Das Verfahren hat keine Umstände hervorgebracht, welche den Beschwerdeführer entlasten und somit sein Verschulden ausschließen hätten können, sodass gemäß § 5 Abs. 1 VStG zumindest von fahrlässigem Verhalten auszugehen ist. Es ist damit auch die subjektive Tatseite der vorgeworfenen Übertretung als erfüllt zu bewerten.

 

Nach der anzuwendenden Verwaltungsstrafbestimmung des § 99 Abs. 3 lit. a StVO begeht, eine Verwaltungsübertretung und ist mit einer Geldstrafe bis zu 726 Euro, im Fall ihrer Uneinbringlichkeit mit Freiheitsstrafe bis zu zwei Wochen, zu bestrafen, wer als Lenker eines Fahrzeuges, als Fußgänger, als Reiter oder als Treiber oder Führer von Vieh gegen die Vorschriften dieses Bundesgesetzes oder der auf Grund dieses Bundesgesetzes erlassenen Verordnungen verstößt und das Verhalten nicht nach den Abs. 1, 1a, 1b, 2, 2a, 2b, 2c, 2d, 2e oder 4 zu bestrafen ist.

 

Nach § 19 Abs. 1 VStG ist Grundlage für die Bemessung der Strafe die Bedeutung des strafrechtlich geschützten Rechtsgutes und die Intensität seiner Beeinträchtigung durch die Tat.

 

Gemäß § 19 Abs. 2 VStG sind im ordentlichen Verfahren (§§ 40 bis 46) überdies die nach dem Zweck der Strafdrohung in Betracht kommenden Erschwerungs- und Milderungsgründe, soweit sie nicht schon die Strafdrohung bestimmen, gegeneinander abzuwägen. Auf das Ausmaß des Verschuldens ist besonders Bedacht zu nehmen. Unter Berücksichtigung der Eigenart des Verwaltungsstrafrechtes sind die §§ 32 bis 35 des Strafgesetzbuches sinngemäß anzuwenden.
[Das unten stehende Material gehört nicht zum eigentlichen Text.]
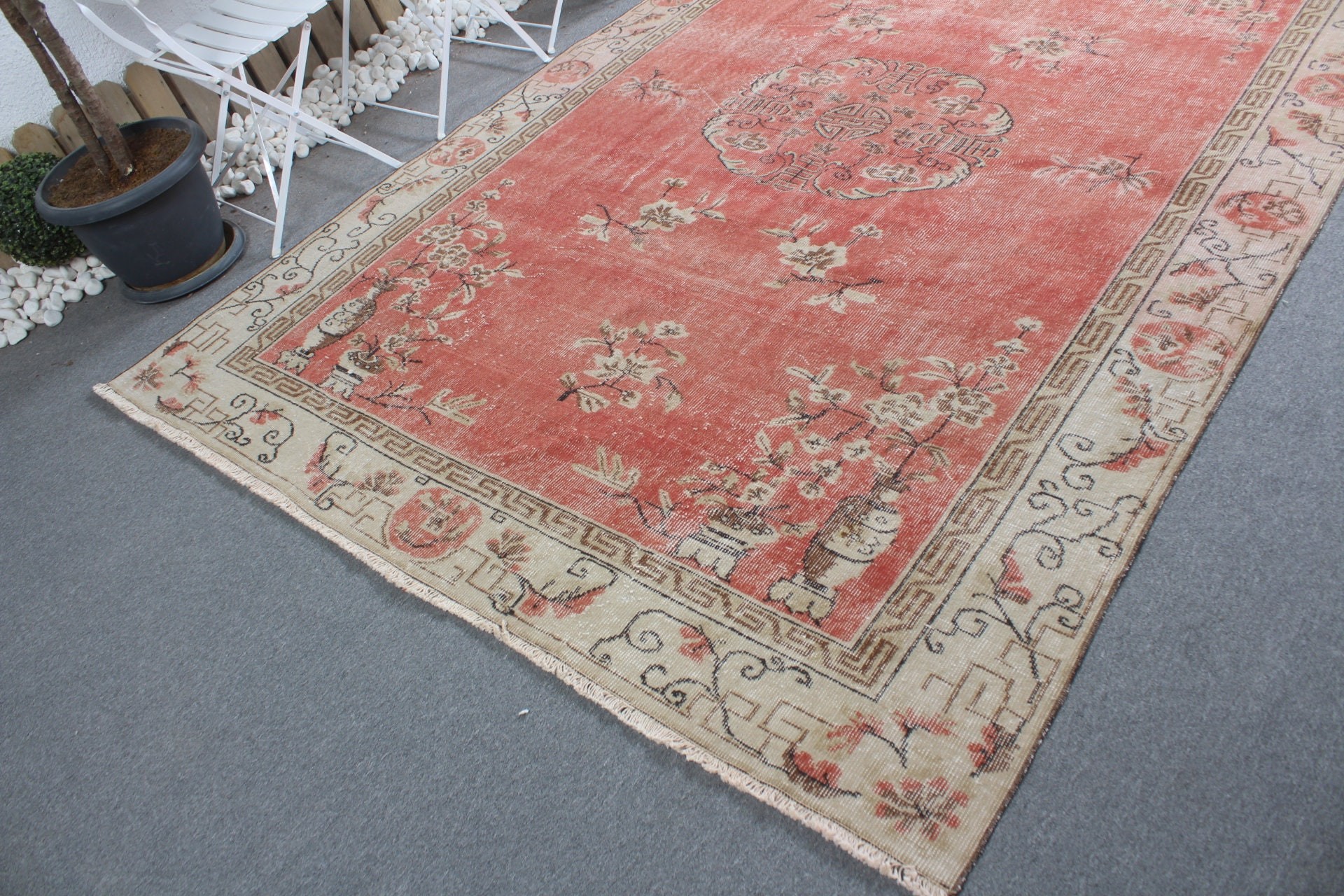 Bedroom Rug, Antique Rugs, Salon Rugs, Turkish Rugs, Floor Rug, 6.4x9.7 ft Large Rug, Vintage Rug, Red Cool Rug, Rugs for Dining Room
Die Einkommens- und Vermögensverhältnisse und allfällige Sorgepflichten des Beschuldigten sind bei der Bemessung von Geldstrafen zu berücksichtigen.

 

Das Landesverwaltungsgericht Oberösterreich ist der Ansicht, dass die von der Behörde verhängte Geldstrafe tat- und schuldangemessen und in der festgesetzten Höhe erforderlich ist, um den Beschwerdeführer und die Allgemeinheit wirksam von weiteren einschlägigen Tatbegehungen abzuhalten.

 

Die Geldstrafe entspricht dem Unrechtsgehalt der begangenen Übertretung und liegt im unteren Bereich des gesetzlichen Strafrahmens.

 

Die ohnehin niedrig verhängte Strafe entspricht den Kriterien des § 19 VStG, hält generalpräventiven Überlegungen stand und soll den Beschwerdeführer in Zukunft zur genauesten Beachtung seiner gesetzlichen Verpflichtungen bewegen.

 

§ 45 Abs. 1 Z 4 VStG konnte keine Anwendung finden, da kein geringes Verschulden vorliegt, da das tatbildmäßige Verhalten des Täters nicht hinter dem in der betreffenden Strafdrohung typisierten Unrechts- und Schuldgehalt zurückbleibt.

 

Es war daher, wie im Spruch angeführt zu entscheiden.

 

 

II. Die Entscheidung über die Kosten stützt sich auf die im Spruch angeführten gesetzlichen Bestimmungen.

 

 

III. Unzulässigkeit der ordentlichen Revision:

Die ordentliche Revision ist für die belangte Behörde unzulässig, da keine Rechtsfrage im Sinne des Art. 133 Abs. 4 B-VG zu beurteilen war, der grundsätzliche Bedeutung zukommt. Weder weicht die gegenständliche Entscheidung von der bisherigen Rechtsprechung des Verwaltungsgerichtshofes ab, noch fehlt es an einer Rechtsprechung. Weiters ist die dazu vorliegende Rechtsprechung des Verwaltungsgerichtshofes auch nicht als uneinheitlich zu beurteilen. Ebenfalls liegen keine sonstigen Hinweise auf eine grundsätzliche Bedeutung der zu lösenden Rechtsfrage vor.

 

 

 

R e c h t s m i t t e l b e l e h r u n g

Gegen dieses Erkenntnis besteht innerhalb von sechs Wochen ab dem Tag der Zustellung die Möglichkeit der Erhebung einer Beschwerde beim Verfassungsgerichtshof. Eine Beschwerde an den Verfassungsgerichtshof ist unmittelbar bei diesem einzubringen. Die Abfassung und die Einbringung einer Beschwerde müssen durch einen bevollmächtigten Rechtsanwalt bzw. eine bevollmächtigte Rechtsanwältin erfolgen. Für die Beschwerde ist eine Eingabegebühr von 240.- Euro zu entrichten.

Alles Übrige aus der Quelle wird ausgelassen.